Leviticus 27:28-29

Most Holy to Yahweh: The Irrevocable Vow Text: Leviticus 27:28-29

Introduction: God's Hard Edges

We come this morning to the very end of Leviticus, and as is often the case, the book saves some of its hardest lessons for last. Our modern, sentimental age is in the business of sanding down all of God's hard edges. We want a God who is manageable, comfortable, and above all, nice. We want a deity who fits neatly into our categories of therapeutic affirmation. But the God of the Bible, the God and Father of our Lord Jesus Christ, refuses to be domesticated. He is holy, which means He is separate, other, and at times, terrifyingly different from us. And because He is holy, His law is holy, righteous, and good, even those parts that make our twenty-first-century sensibilities squirm.

The temptation for the modern Christian is to approach a text like this one with a sense of embarrassment. We are tempted to apologize for it, to explain it away, or to quickly pivot to something more palatable. But this is a profound failure of nerve.
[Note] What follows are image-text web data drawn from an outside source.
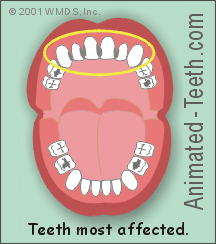 Animation illustrating the tooth decay pattern usually displayed with baby-bottle caries syndrome.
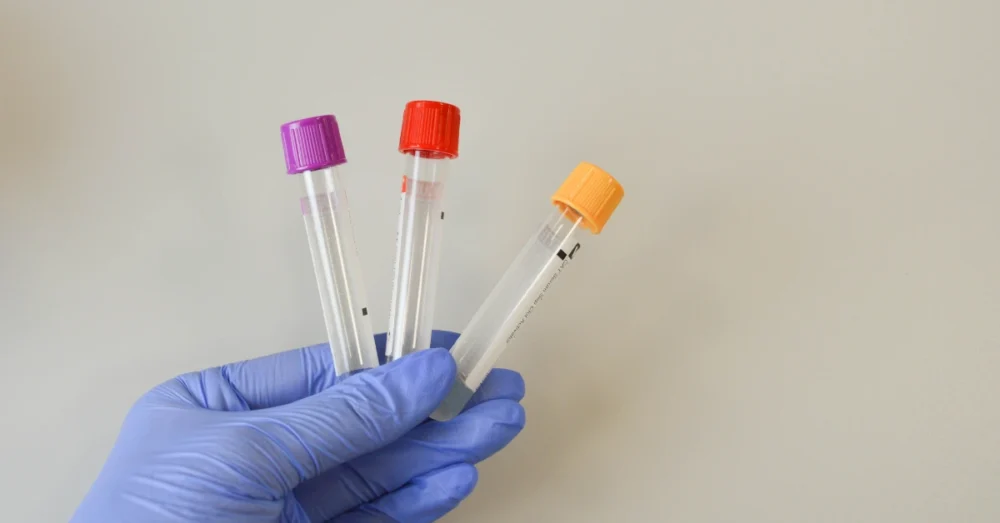 Gloved hand holding three blood sample tubes with colored caps used for functional medicine testing.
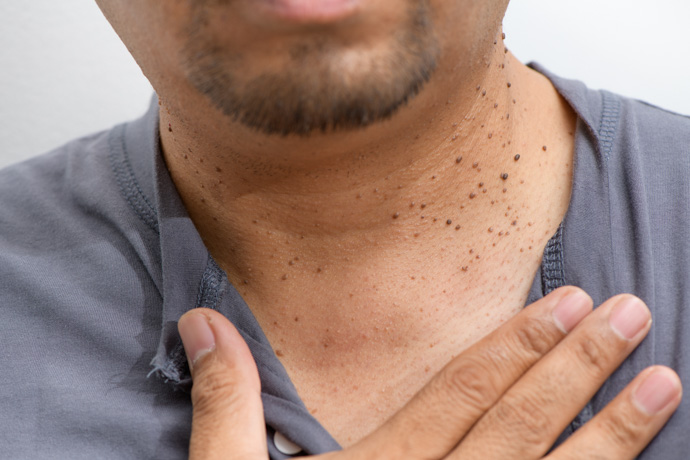 Eliminación de verrugas en el cuello de forma natural.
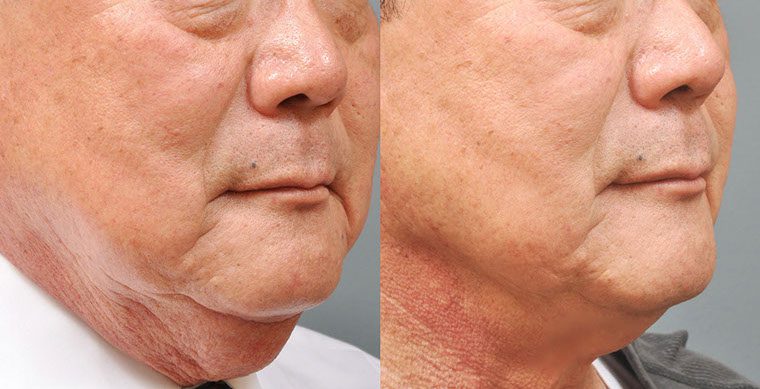 Laser Facelift Before and After photo by Kerin MedSpa & Laser Center in Tuckahoe, NY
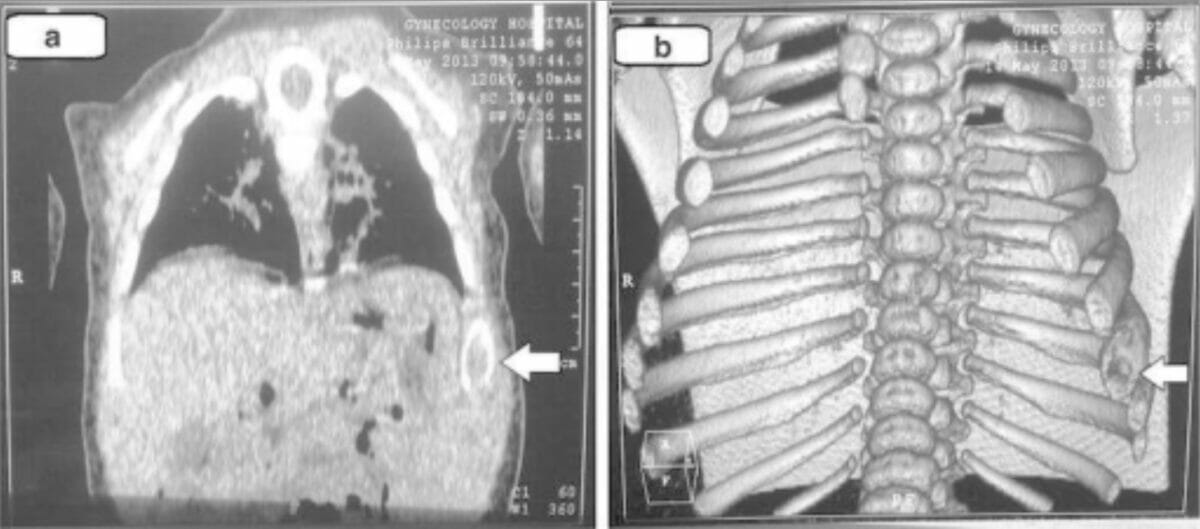 Descobertas de tomografia computorizada do tórax na histiocitose de células de langerhans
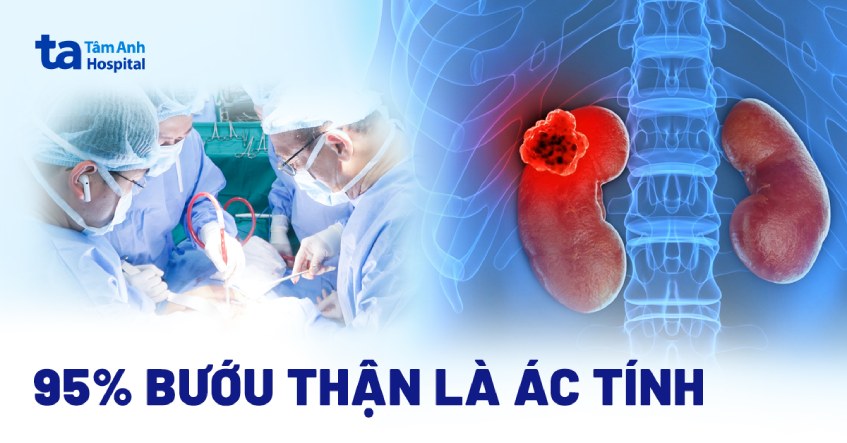 95% bướu thận là ác tính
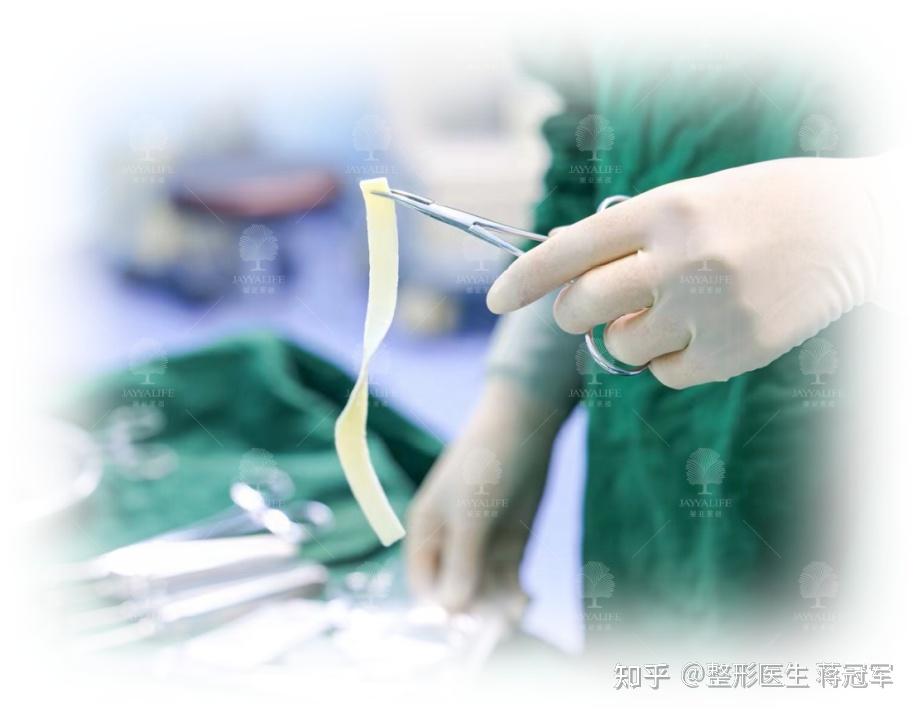 3D生物束带紧缩术能维持几年 - 知乎
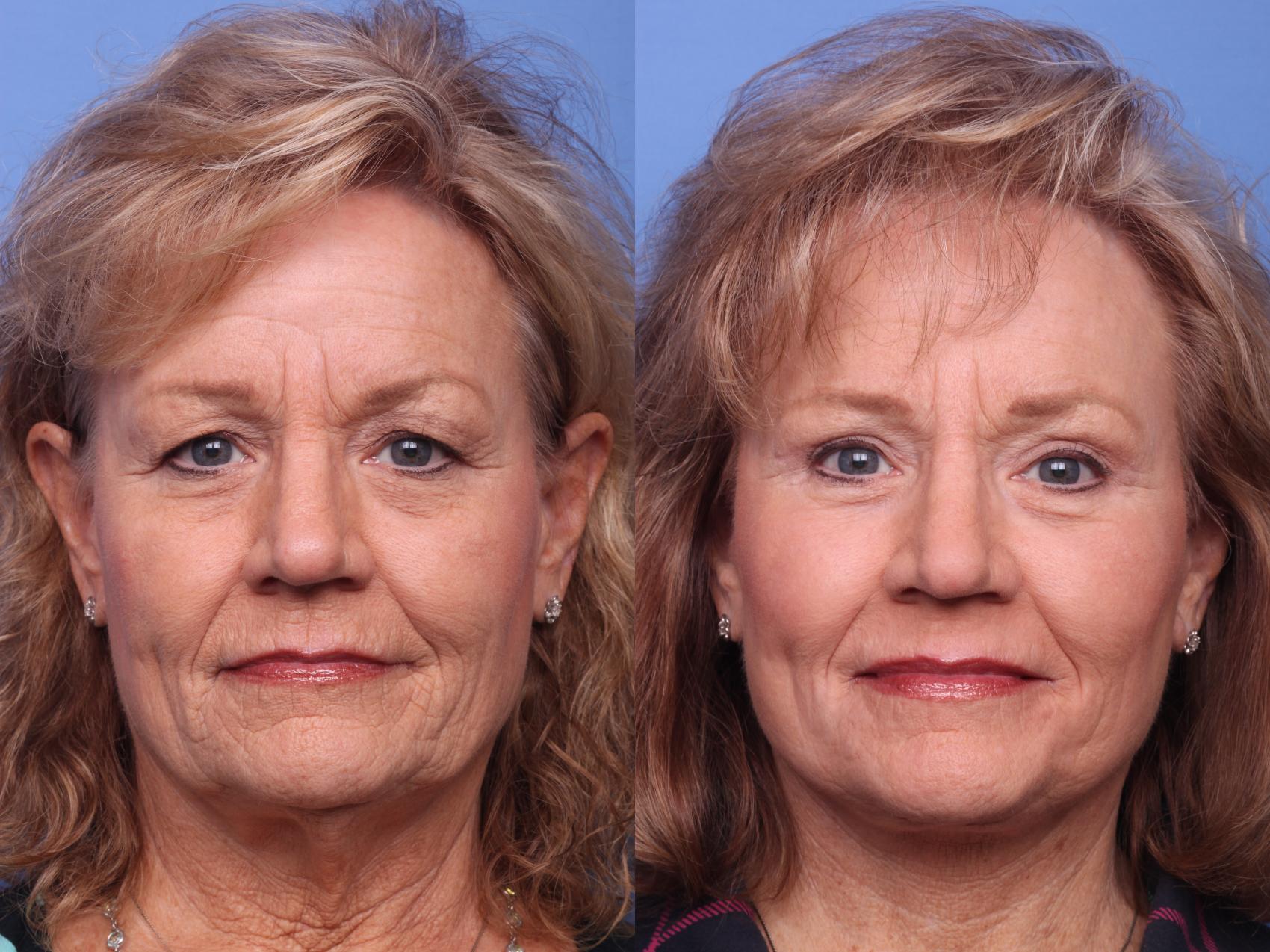 litelift surgery vs deep plane facelift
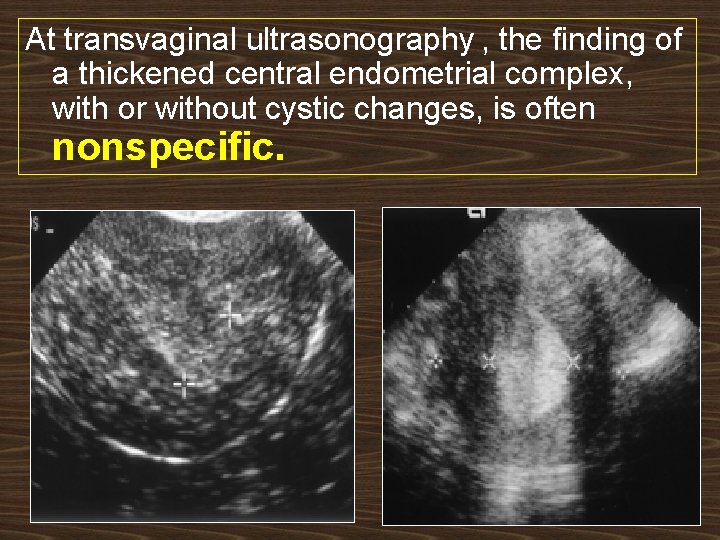 At transvaginal ultrasonography , the finding of a thickened central endometrial complex, with or
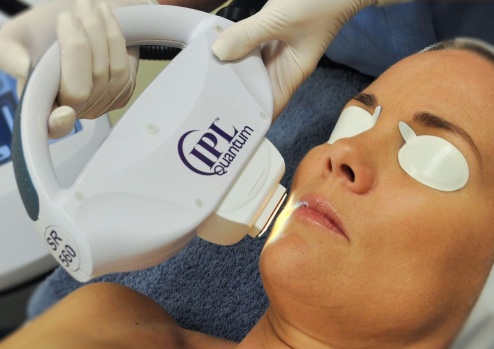 Apparatuur voor het verwijderen van ouderdomsvlekken, littekens, tatoeages op het gezicht en de lichaamshuid. Laser, Fraxel, Elos, M22. Beoordeling en recensies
If we believe that all Scripture is God-breathed and profitable, then that includes the parts that talk about things being "devoted to destruction." To be ashamed of God's Word at any point is to be ashamed of Him. Our task is not to edit God, but to understand Him. Our task is not to apologize for the text, but to preach it, in all its sharp-edged glory.

This passage deals with a very specific kind of vow, the herem, the devoted thing. It is a concept that is utterly foreign to us, but it was central to understanding God's holiness and His dealings with Israel, particularly in the conquest of Canaan. It teaches us about absolute surrender, the gravity of sin, the nature of God's judgment, and ultimately, it points us to the one Man who was truly and finally devoted to destruction for our sake. So let us set aside our modern squeamishness and ask the Spirit of God to give us ears to hear what He has to say to us through this difficult, but necessary, portion of His holy law.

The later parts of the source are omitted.